Originally, my idea of an elegant method of rendering a scene with shadow maps resulted to be flawed:

ShadowNode shadowNode;
shadowNode->render();
// Normal rendering using the shadow node's content when binding textures
sceneManager->renderScene( shadowNode, ... );

That looked perfect until I stumbled with the problem that shadow maps’ directional lights need bound data from the original scene (namely an aabb enclosing all visible objects by the viewer’s camera, and an aabb with all those objects, filtered with only receivers). In both Ogre 1.x & 2.x, this is the good ol’ structure VisibleObjectsBoundsInfo

Of course, we could cull all objects against the viewer’s frustum & calculate such Aabb data independently in the the shadow node. And then cull again while doing the normal rendering pass.

Except for the fact that frustum culling is quite an expensive operation.

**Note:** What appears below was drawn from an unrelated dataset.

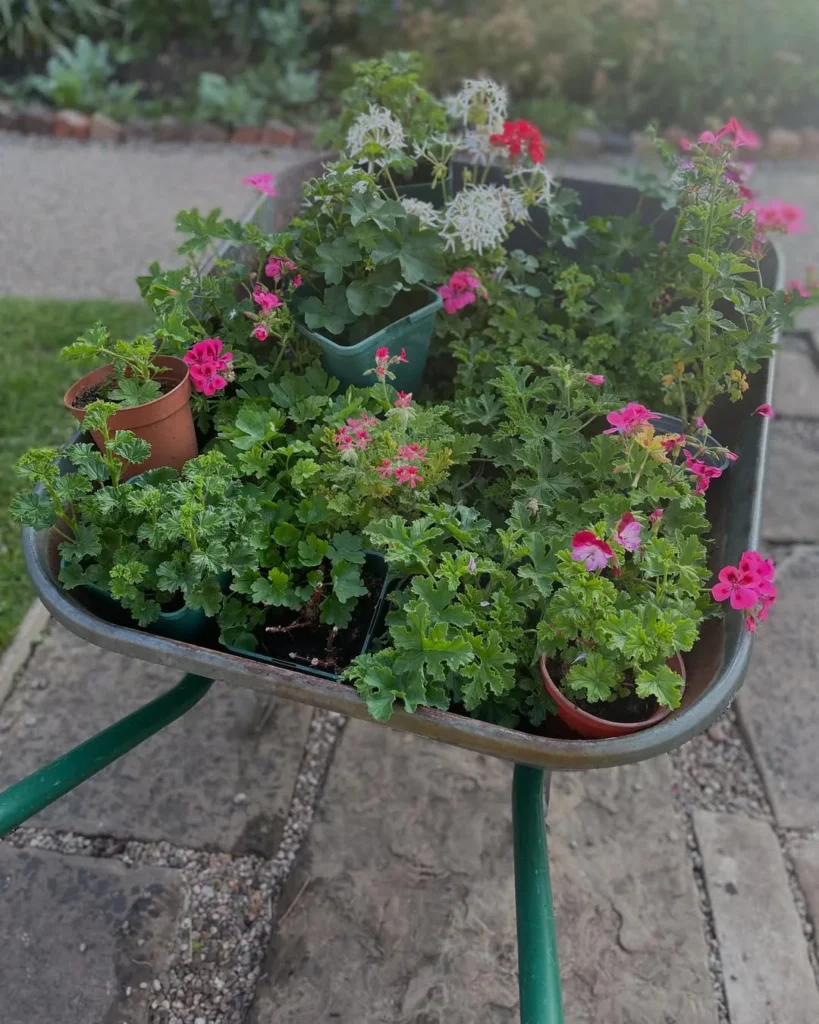 geraniums plants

If we could reuse such information so that we only cull the frustum once, that would be great. Ogre 1.x in fact reuses such data by interrupting right in the middle of the normal rendering sequence. But the execution flow is ugly as hell. At the high level, it looks like this:

void SceneManager::renderScene()
{
	if( shadowmapsEnabled() && !isShadowMapPass )
	{
		if( shadowMapsNotInitialized() )
			initializeShadowMaps();
		isShadowMapPass = true;
		this->renderScene(); // Recursive call!
		isShadowMapPass = false;
	}
	/* * Rest of normal rendering pass * */
}

The code is much more verbose of course, but you get the point. One of the things I wanted to do with the compositor is to lift the responsibility of handling shadow maps away from Scene Manager, and go into a more OO approach because right now the SceneManager is a god object. A compositor node named “CompositorShadowNode” (genius name, I know) would be responsible for handling the shadow map related stuff.

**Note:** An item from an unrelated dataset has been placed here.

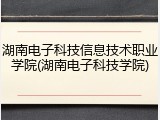湖南电子科技信息技术职业学院(湖南电子科技学院)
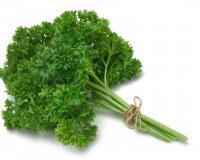 Î¤Î± Î²ÏŒÏ„Î±Î½Î± ÏƒÏ„Î± Î¿Ï€Î¿Î¯Î± "Ï…Ï€Î¿ÎºÎ»Î¯Î½Î¿Î½Ï„Î±Î¹" Î¿Î¹ ÎµÏ€Î¹ÏƒÏ„Î®Î¼Î¿Î½ÎµÏ‚!live-in | Η Έξυπνη, Αντικειμενική και Εναλλακτική Ενημέρωση!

Separating rendering into two phases

Fortunately, I was able to realize the bounds info is calculated in frustum culling, and the frustum cull does not depend on almost anything (particularly, doesn’t depend on API, like render states, etc) so the solution ended up looking like this:

normalPass->_cullPhase01();
	shadowNode->setupShadowCamera( normal->getVisibleBoundsInfo() );
	shadowNode->_cullPhase01();
	shadowNode->_renderPhase02();
normalPass->_renderPhase02();

In other words, we render the shadow maps in the middle of a normal scene update, but without hacks, and without the scene manager needing to know anything about shadow map rendering. Cool.

A few implementation caveats

Whether dividing the rendering into two stages or interrupting the render sequence (which is essentially the same thing in practical terms), there’s the problem that we leave the scene manager in an incomplete state.

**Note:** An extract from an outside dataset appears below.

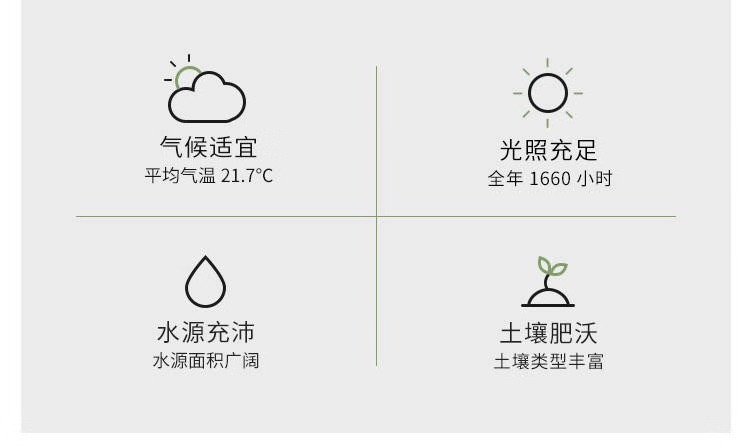 瓦豆  广西皇帝柑新鲜橘子当季水果贡柑橘蜜桔非沃柑砂糖橘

The brightside of separating into phases is that we can easily spot what is left in such inconsistent state. In our case, that would be the list of culled objects (mVisibleObjects to be exact).
It’s a vector containing all the frustum-culled objects from the normal render, but this vector is going to be cleared and filled with objects culled against the shadow map’s internal camera. Ouch.

As a result, we need to save the state of mVisibleObjects and restore it after we’re done. Luckily, we can just swap pointers (std::vector::swap) rather than performing a hard copy. In other words, saving and restoring the state is virtually free.

The code ends up looking more or less like this:

normal->_cullPhase01();
saveCulledObjects( normal->getSceneManager() );
	shadowNode->setupShadowCamera( normal->getVisibleBoundsInfo() );
	shadowNode->_cullPhase01();
	shadowNode->_renderPhase02();
restoreCulledObjects( normal->getSceneManager() );
normal->_renderPhase02();

My render queue is longer!?

The flexibility of the compositor means one can render the RQs #0 to #5 into the shadow map, but just draw RQ #1 into the main window.

The separation into phases allows to reuse the visibility bounds information from RQ #1. But we don’t have those from RQ 0, 2, 3 4 & 5. We need to calculate them independently, while reusing as much as we can.

Of course, the user may later want to render RQs #0 to #5 in subsequent passes, but they’ll come too late, as we needed the visibility info earlier for the shadow node being used for correctly rendering RQ #1.

 

Well, that’s all for now. Let’s go back to coding!